The Myths about Compression and Data Deduplication
How many of you have heard that compression and deduplication just don’t belong together? Like oil and water. I know from experience, when I worked for EMC, the Avamar sales reps and the Data Domain sales reps would tell their customers that the best thing to do if they had encrypted or compressed primary data, that they uncompress it to get the savings in their backups that deduplication promises.

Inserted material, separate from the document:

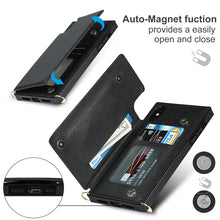 Load image into Gallery viewer, Cross-body Square Double Buckle Flip Card Bag TPU+PU Case with Card Slots &amp; Wallet &amp; Photo &amp; Strap, For iPhone XS / X, For iPhone XS Max, For iPhone XR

This is wrong on a number of levels. First, the shear nature of telling a customer to not compress primary storage data only to get down stream benefits is counter intuitive. Second, if the customer has already changed their processes in order to accommodate compressed primary data, then the deduplication backup vendor is asking their customers to again change the customer’s process. Not to mention it costs the customer more money in primary storage, and lastly undermines the decision made by the customer to compress the data in the first place. If you really want to insult your customer, tell them the decision they made to save money was a bad one. Finally, all data deduplication technologies utilize LZ compression on their data ‘chunks’ to further reduce their data size, and then use this added compression benefit to talk about their deduplication ratios.
The reality is, with traditional compression implementations, the affects of deduplication are not significantly realized. The reason is due to how traditional compression writes the files it compresses. If a file is changed, from the point of the change, through the rest of the file, the new compressed file is essentially a new file. When deduplication (even variable block deduplication) looks at this file and finds the initial changed blocks, the rest of the file will also be different and the deduplication ratios will be significantly reduced. (Essentially it turns the highly affective ‘variable block’ deduplication into ‘fixed block’ deduplication and research shows that fixed block deduplication is 3 to 5 times less efficient than variable block deduplication. Now that you’ve spent all that money for an expensive variable block solution, are you really getting the benefits?)